PROBLEM
Find the line in the entries below that contains "414 - A small". Repeat it exactly, and every line after it through the line that contains "Activistas juveniles multiculturales".

=-=-=-=-=

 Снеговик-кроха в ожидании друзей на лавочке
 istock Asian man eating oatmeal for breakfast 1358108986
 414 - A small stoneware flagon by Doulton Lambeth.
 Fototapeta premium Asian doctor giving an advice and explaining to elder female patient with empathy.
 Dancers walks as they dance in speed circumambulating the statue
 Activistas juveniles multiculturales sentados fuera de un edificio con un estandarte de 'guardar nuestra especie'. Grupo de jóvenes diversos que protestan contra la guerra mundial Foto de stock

=-=-=-=-=

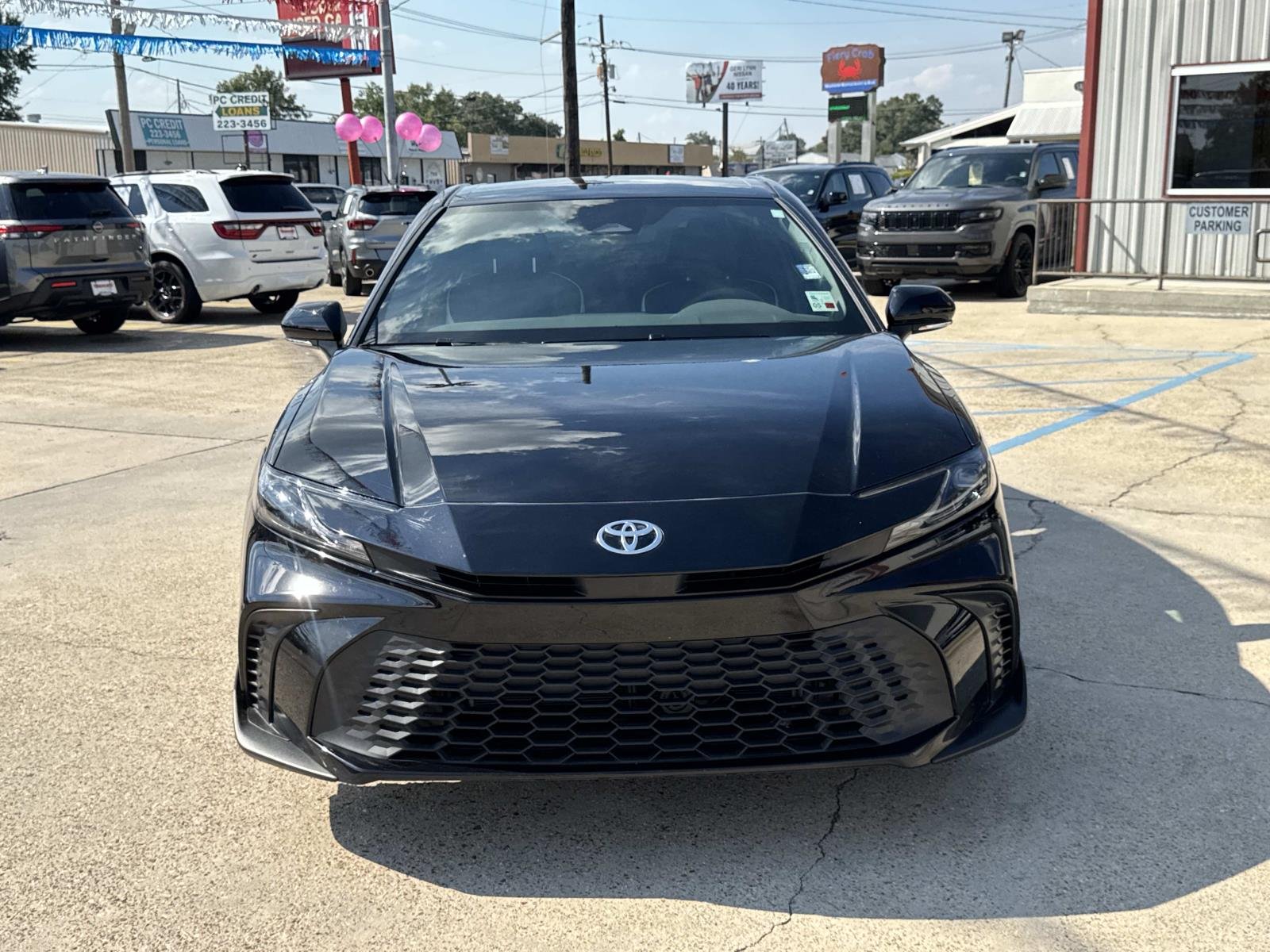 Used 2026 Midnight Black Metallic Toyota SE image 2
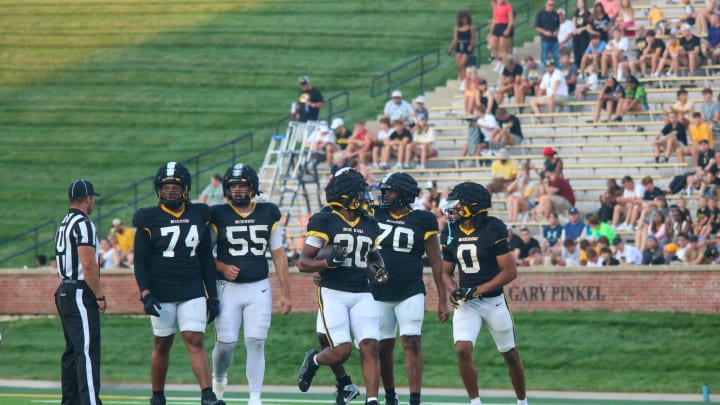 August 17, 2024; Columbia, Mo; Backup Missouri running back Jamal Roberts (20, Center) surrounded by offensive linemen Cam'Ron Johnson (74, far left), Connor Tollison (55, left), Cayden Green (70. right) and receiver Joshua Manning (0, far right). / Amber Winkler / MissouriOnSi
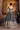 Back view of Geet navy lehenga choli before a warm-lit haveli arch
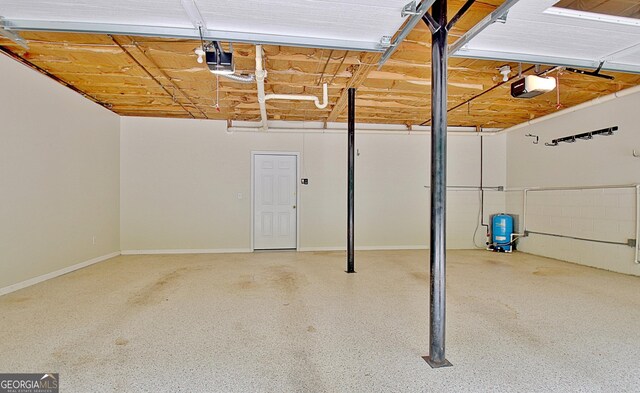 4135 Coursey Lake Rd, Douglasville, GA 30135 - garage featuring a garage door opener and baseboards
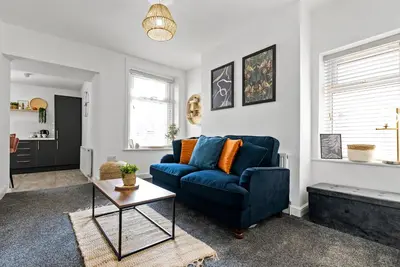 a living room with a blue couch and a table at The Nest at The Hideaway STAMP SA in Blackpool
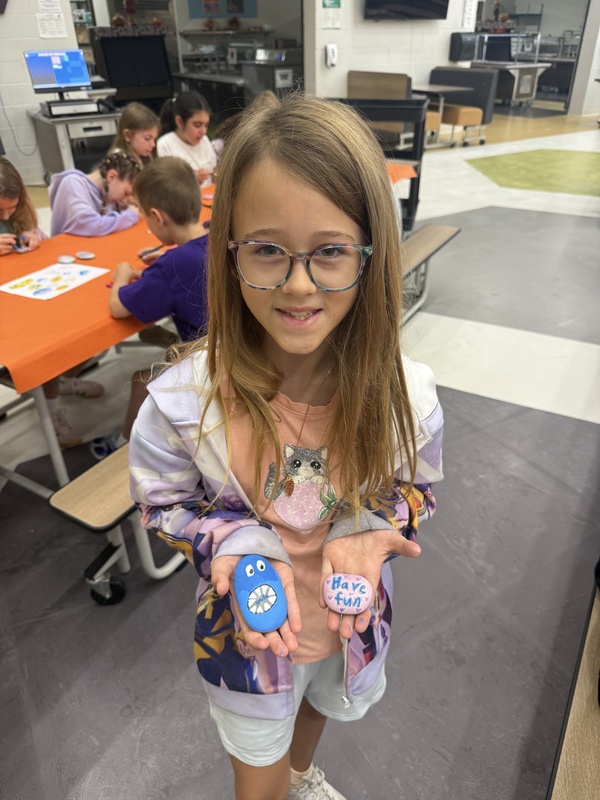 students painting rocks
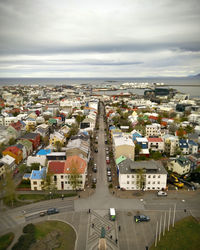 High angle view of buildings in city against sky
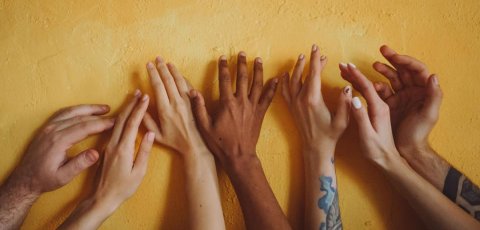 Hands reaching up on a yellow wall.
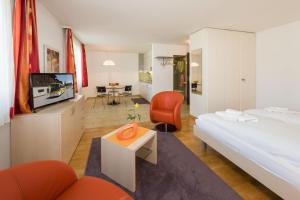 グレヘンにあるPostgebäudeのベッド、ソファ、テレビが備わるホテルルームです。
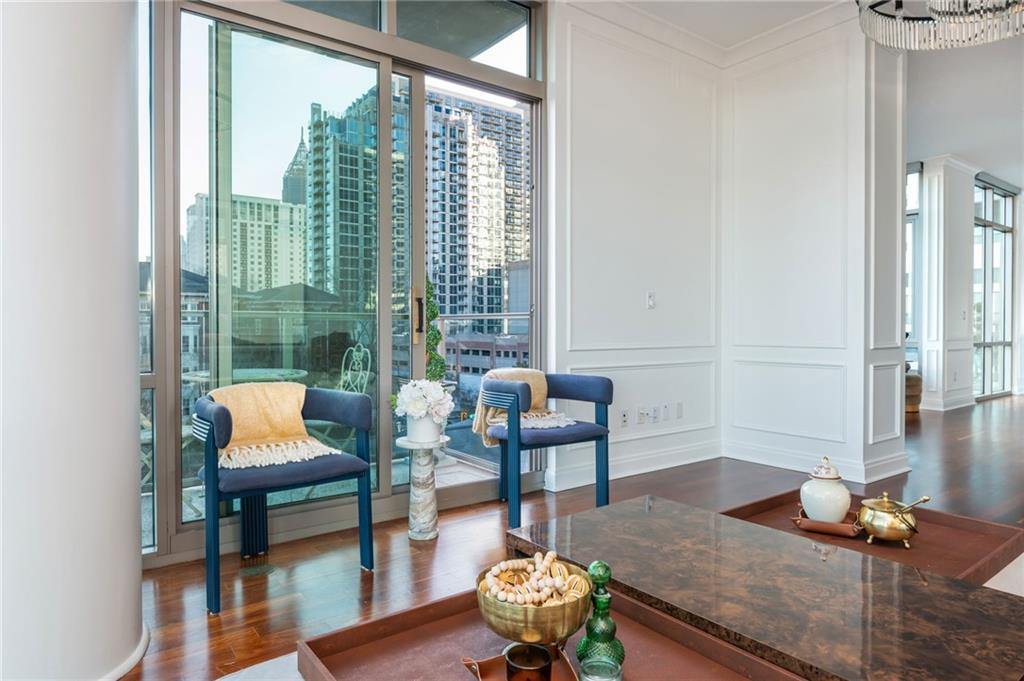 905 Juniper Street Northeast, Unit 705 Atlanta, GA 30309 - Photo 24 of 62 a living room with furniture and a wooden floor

=-=-=-=-=

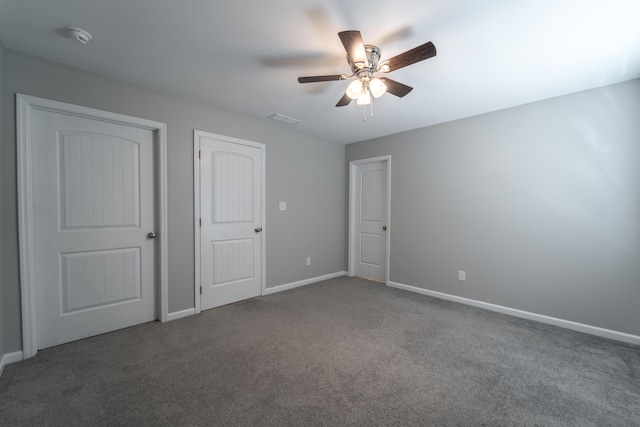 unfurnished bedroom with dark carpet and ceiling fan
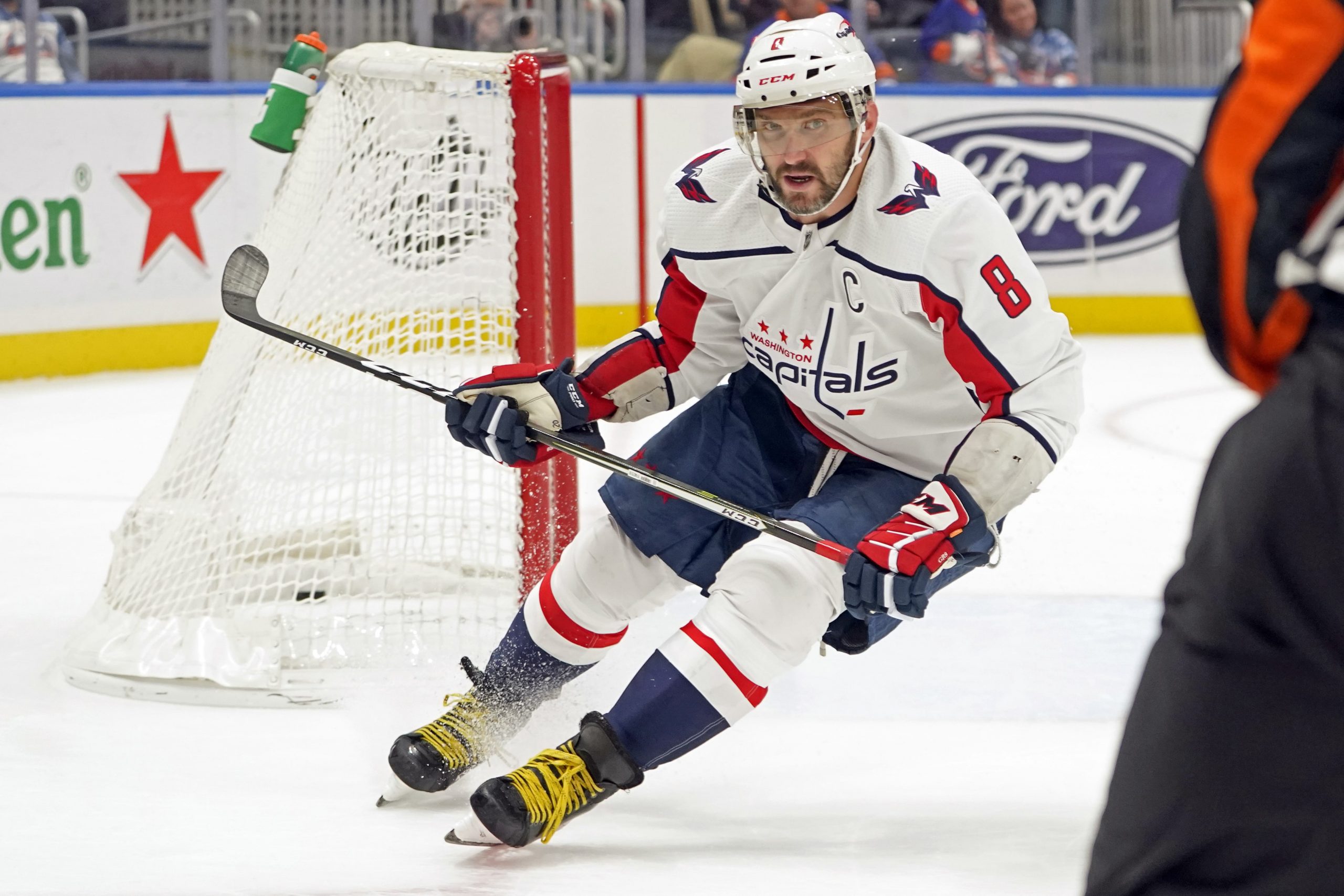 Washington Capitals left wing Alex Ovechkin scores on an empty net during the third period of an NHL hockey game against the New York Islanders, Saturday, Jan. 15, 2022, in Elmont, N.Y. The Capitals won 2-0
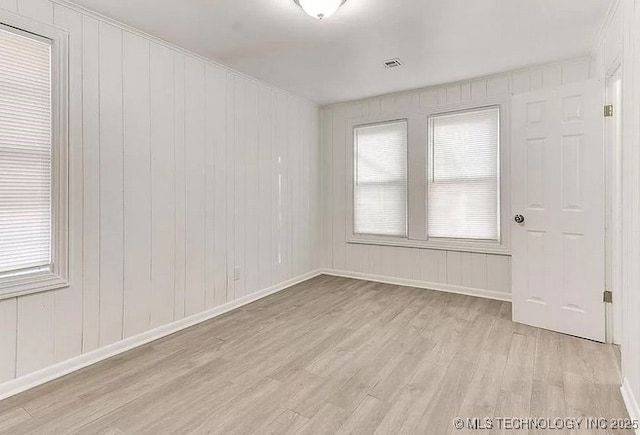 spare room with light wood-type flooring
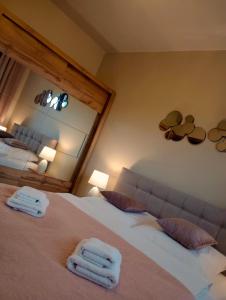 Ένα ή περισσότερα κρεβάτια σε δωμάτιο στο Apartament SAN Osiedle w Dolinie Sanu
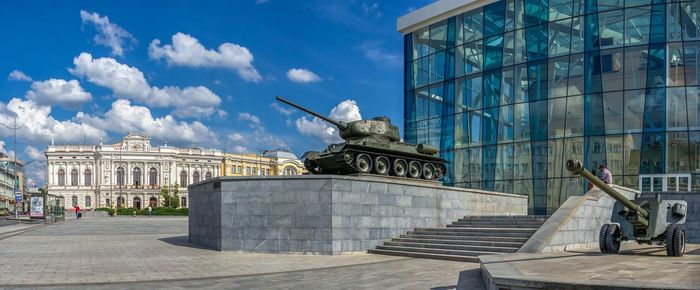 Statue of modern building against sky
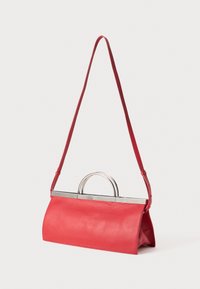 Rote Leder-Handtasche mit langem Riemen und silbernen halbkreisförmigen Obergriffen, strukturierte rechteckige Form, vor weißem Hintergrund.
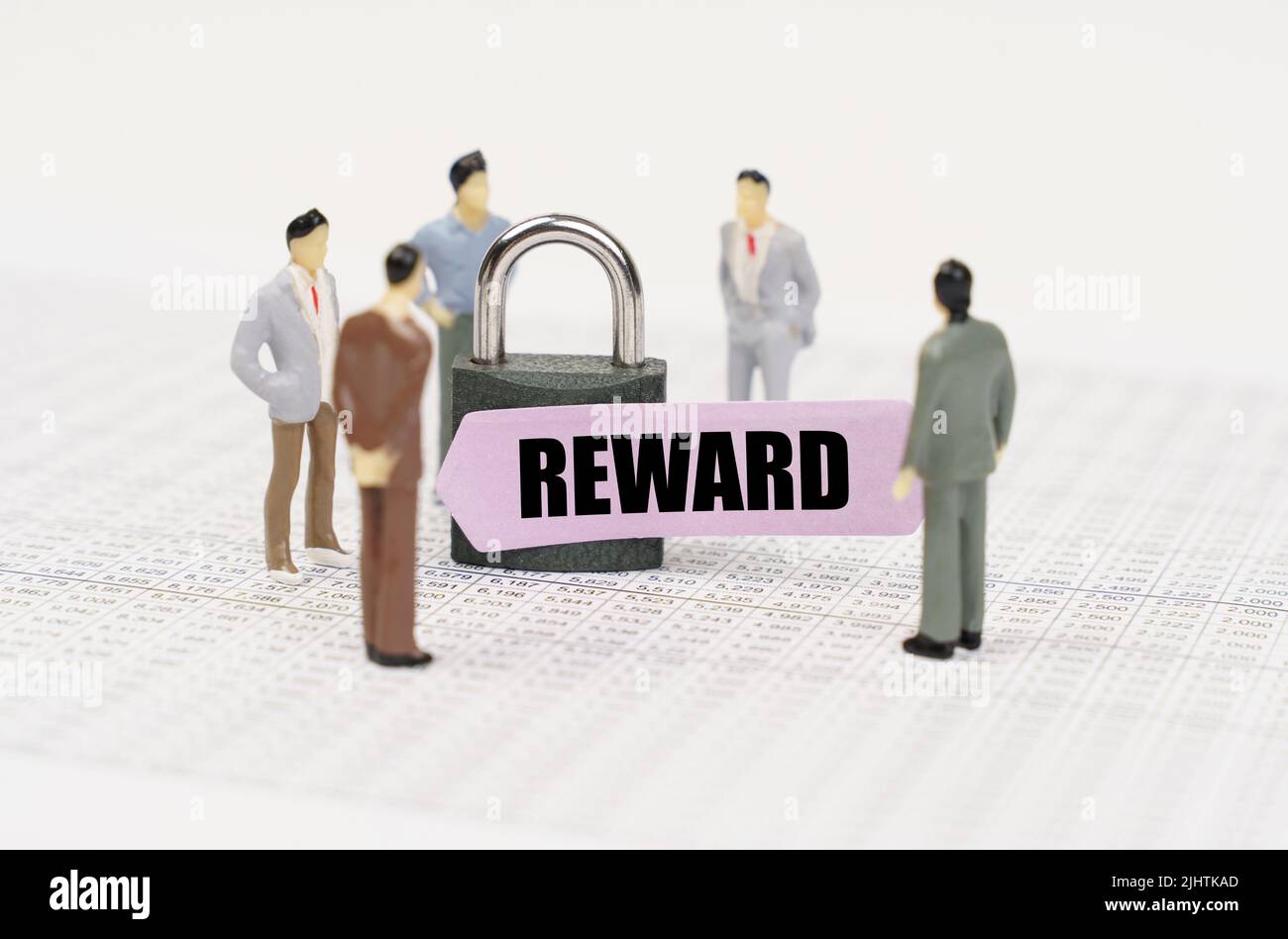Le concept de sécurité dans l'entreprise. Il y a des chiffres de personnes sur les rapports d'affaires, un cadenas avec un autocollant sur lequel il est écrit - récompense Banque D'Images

=-=-=-=-=

OUTPUT OF THE EXERCISE
 414 - A small stoneware flagon by Doulton Lambeth.
 Fototapeta premium Asian doctor giving an advice and explaining to elder female patient with empathy.
 Dancers walks as they dance in speed circumambulating the statue
 Activistas juveniles multiculturales sentados fuera de un edificio con un estandarte de 'guardar nuestra especie'. Grupo de jóvenes diversos que protestan contra la guerra mundial Foto de stock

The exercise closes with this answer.